In 1991, Rose chaired the House Committee investigation of the George H. W. Bush administration's role in selling military supplies to Iraq.

After Democrats lost control of Congress in the 1994 Republican Revolution, Rose challenged incumbent House Democratic Leader Dick Gephardt for the post of minority leader, but lost 150–50.

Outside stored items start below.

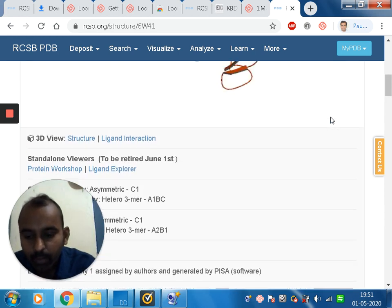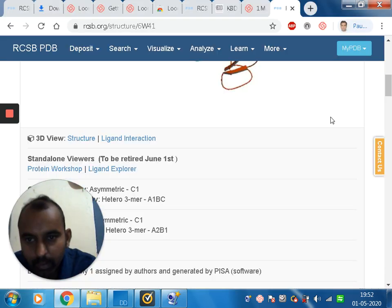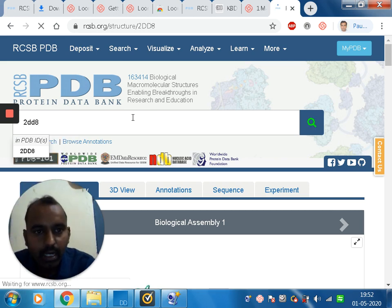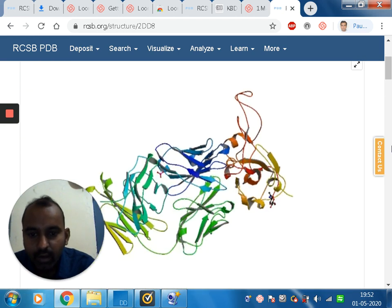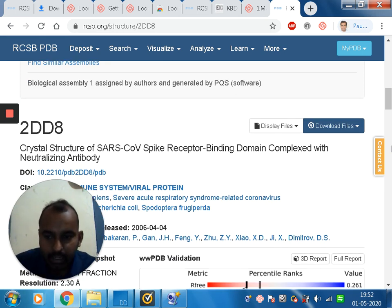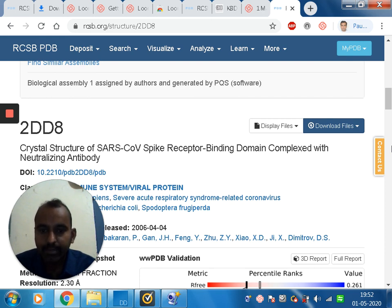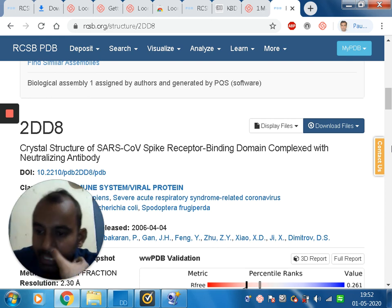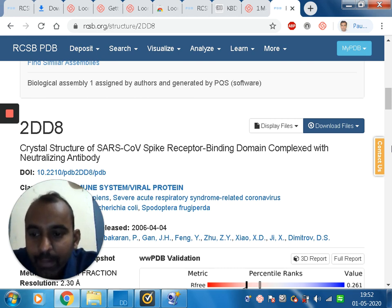Now let us look at one more protein of interest: 2D8. Searching for 2D8, the entry is the crystal structure of the SARS-CoV spike receptor binding domain complexed with neutralizing antibodies. Here it is SARS-CoV from 2012, whereas the earlier one was SARS-CoV-2, the novel coronavirus from 2019. These two viruses are different.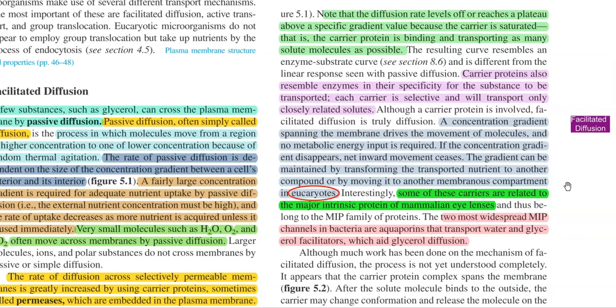Carrier proteins also resemble enzymes in their specificity for the substrate to be transported. Each carrier is selective and will transport only closely related solute molecules. Even though a carrier protein is involved, facilitated diffusion is truly a diffusion process — a concentration gradient spanning the membrane drives the movement of molecules, and no metabolic energy input is required. If the concentration gradient slows down or disappears, net inward movement of molecules will cease.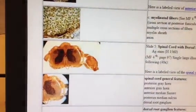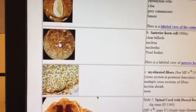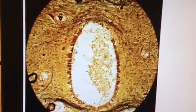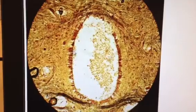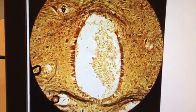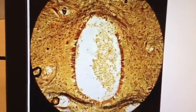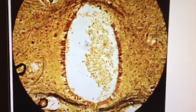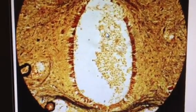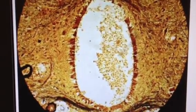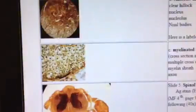Moving into the central canal and looking at supportive neuroglial cells, this chain of cells surrounding the central canal consists of ependymal cells with CSF being circulated by cilia at their apical surface. This is an example of a blood vessel, lined with endothelium.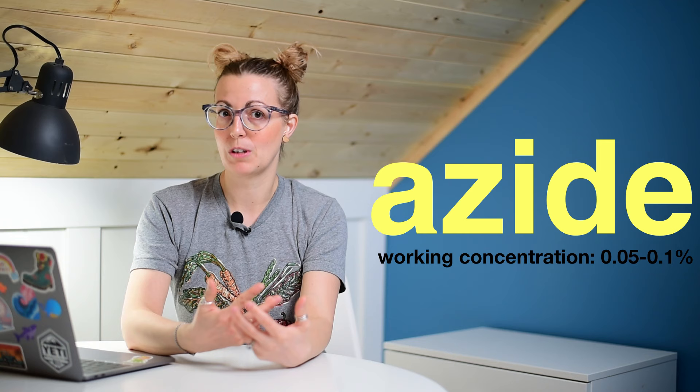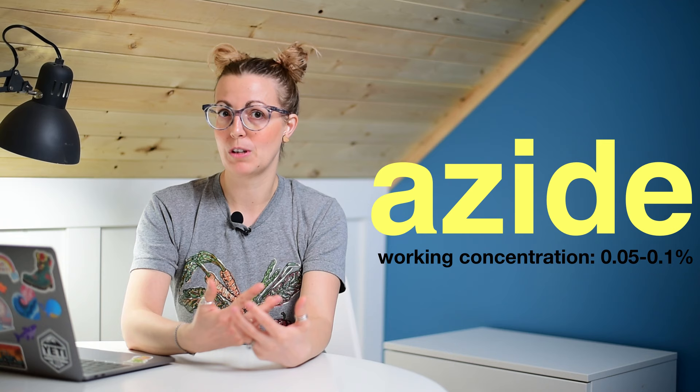Last but not least, we have azide. Azide is generally added to buffers to prevent bacterial and fungal growth so your buffers can be stored for a long time. I've generally not used it unless I need it for an assay, because in addition to preventing bacterial growth, azide will also affect your cells.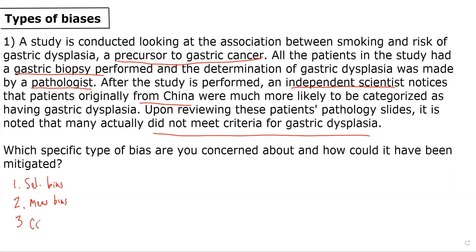In this case, it sounds like we're most concerned about measurement bias, because it seems like there is some bias in terms of gastric dysplasia determination, specifically among patients from China.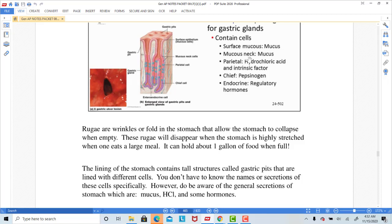The parietal cells also secrete another substance called intrinsic factor. The function of intrinsic factor is to help us absorb vitamin B12 from the foods we eat. Vitamin B12 is necessary for making red blood cells, so if a person does not have good intrinsic factor secretion, they will not be able to absorb vitamin B12. As a result, they will not have good red blood cell production and that sets them up for anemia. The specific type of anemia caused by low intrinsic factor and thus low vitamin B12 is called pernicious anemia.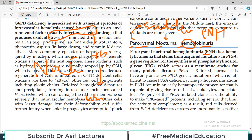PNH is a hemolytic anemia that stems from an acquired mutation in the phosphatidyl inositol glycan A gene — the PIGA gene. This gene is required for the synthesis of phosphatidyl inositol glycan, the PIG protein, which is a glycoprotein produced by the PIGA gene.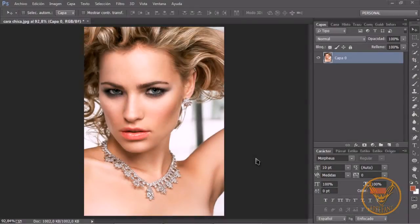Saludos, bienvenidos a este nuevo tutorial de Photoshop donde hoy vamos a ver cómo utilizar la herramienta de formación de posición libre para crear algunas modificaciones en imágenes. En este caso vamos a darle una sonrisa a esta fotografía que parece que ha quedado como un poco seria, y vamos a utilizar la herramienta de formación de posición libre. Vamos a ver cómo se hace.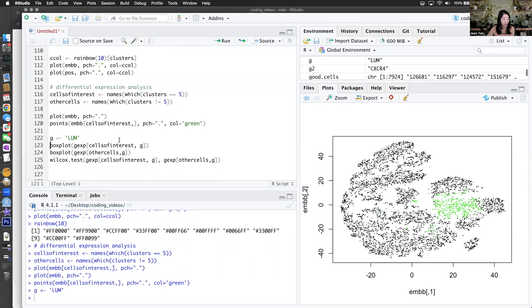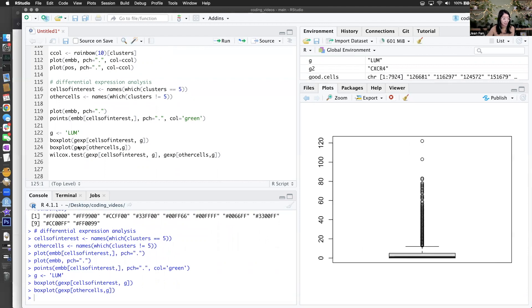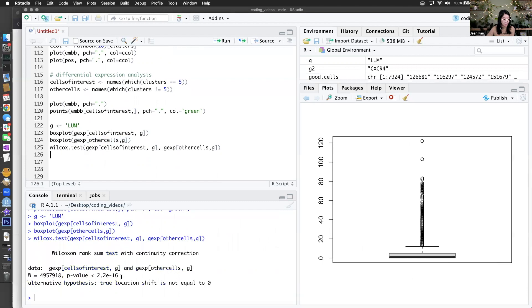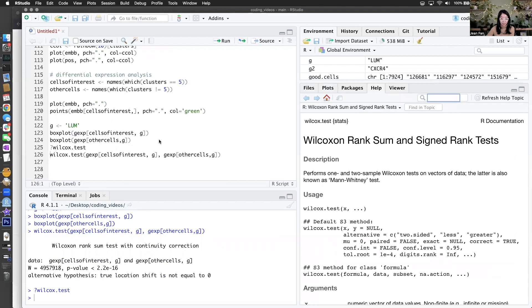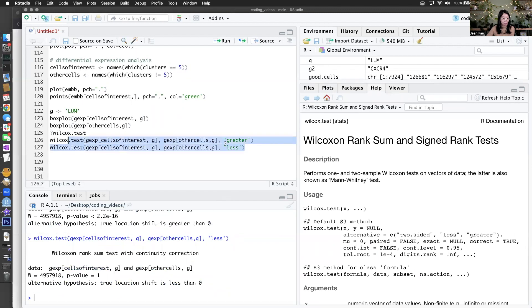LUM expression is much lower in the other cells. And now if I do a Wilcoxon test, it should be significant. Good. We actually probably want a one-sided test — we want to specifically look for things that are greater, because we want to find genes upregulated in cells of interest — we're looking for positive expression markers. If we do a one-sided test, we can distinguish between the genes that are significantly upregulated versus significantly downregulated.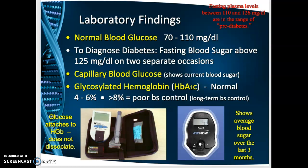Hemoglobin is the protein inside red blood cells with many binding sites. When glucose is elevated in the blood, it attaches to those binding sites and does not dissociate for the life of that red blood cell. Red blood cells live approximately 120 days, so the HbA1c test reflects how well blood sugar has been controlled over the last three months.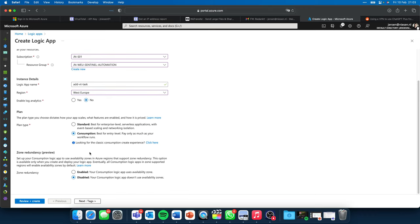The next step is to extract the IP addresses out of the entities that are part of our Sentinel incident. I search for Sentinel, which shows me all the Sentinel actions. I search for 'IP address' and get 'Get IPs from Entities'. I fill in the Entities list and search in the dynamic content box for 'entities' — that links the entities from the triggered incident to this activity. The next step is the VirusTotal step. I search for VirusTotal and get the solution.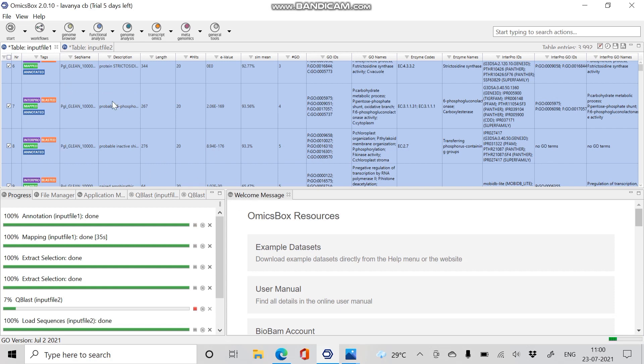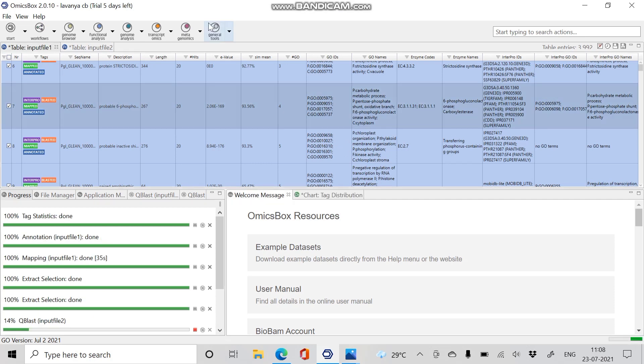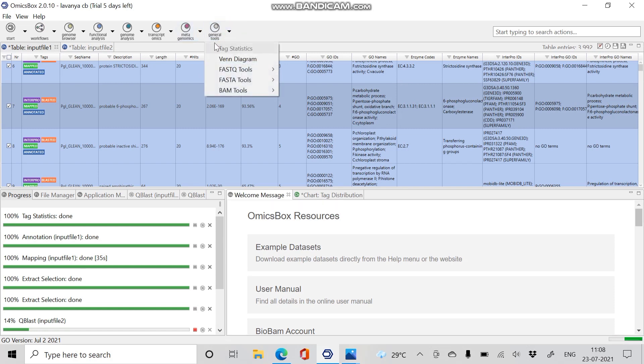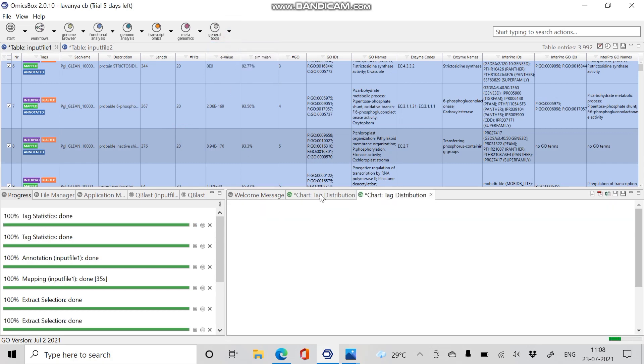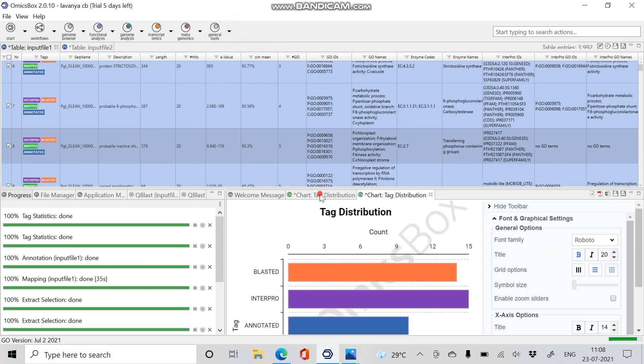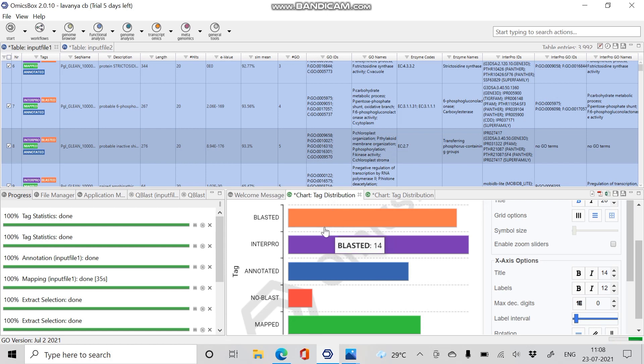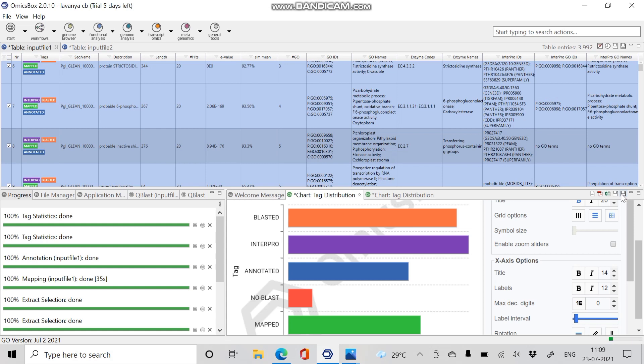It holds the identified GO names, GO IDs, enzyme names, enzyme codes, InterPro IDs and names of all the input sequences. We can view the statistics of our input sequences proceeded with BLAST, InterPro, mapping, and annotations. For that, click on General Tools and select Tag Statistics. The chart tag distributions gives the number of sequences that have been blasted, number of sequences that have undergone InterPro, and the sequences that have been annotated and mapped. We can save this file by clicking on Save As option on the right corner toolbar.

=== Career after Congress ===
He retired from the House the next year and became a lobbyist, working alongside his third wife, Stacye, the daughter of fellow North Carolina Congressman Bill Hefner. Rose's former intern Mike McIntyre succeeded Rose in 1997, and held the seat until the 2014 election.

== Personal life ==
Rose married Sara Louise Richardson on June 30, 1962; they had three children. Charles Grandison Rose, IV born December 14, 1965. Louise Rose (Pacini), born October 19, 1973. Irene Cowan Rose, born November 9, 1975. Irene died in infancy of a congenital heart defect on January 28, 1976.
Sara and Charlie divorced in September 1982. Rose then married Joan Ray Teague in 1982 on Bald Head Island, North Carolina. Together they adopted a baby girl, Kelly Josephine (born October 1, 1987). The couple divorced in 1995. Rose then married Stacye Hugh Hefner in May 1995 near Washington, D.C. The couple have one daughter, Parker Delaney (born October 19, 1999).

=== Death ===
In 2009, Rose moved to Albertville, Alabama, to be near Stacye's mother. Rose largely gave up his lobbying work with the move. Rose died of complications related to Parkinson's disease at a hospital in northern Alabama near their home.